L'Idea Nazionale was turned into a daily with financing from natural advocates of militarism - military men and weapon manufacturers. Corradini and his paper created a generic nationalist theory after adopting Populism and Corporatism, while advocating Italy's entry into World War I - initially on the side of the Triple Alliance (the Central Powers, to which Italy had committed itself), then on that of the Triple Entente (the Allies - which promised to grant Italy all its territorial demands). The group also focused on a violent press campaign against Prime Minister Giovanni Giolitti and other supporters of neutrality.

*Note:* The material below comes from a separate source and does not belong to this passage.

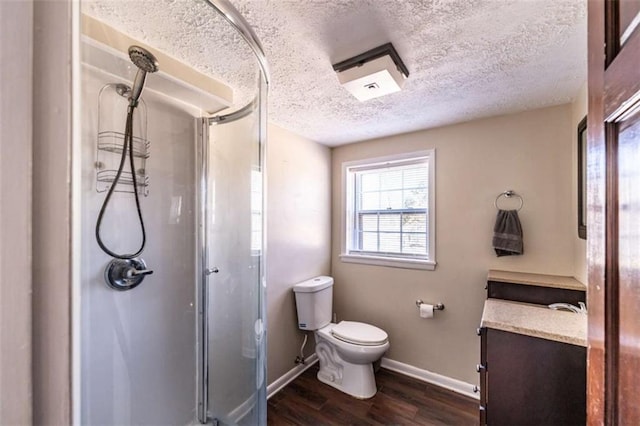 bathroom with wood-type flooring, a textured ceiling, toilet, vanity, and a shower with shower door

Corradini developed the concept of Proletarian Nationalism in 1919: 

After the war, ANI was led by Corradini into a merger with the Partito Nazionale Fascista (PNF). Nonetheless, Corradini made sure to detach himself from the more controversial actions of the Blackshirts, while being nominated by Benito Mussolini to the Italian Senate, and joining his government in 1928.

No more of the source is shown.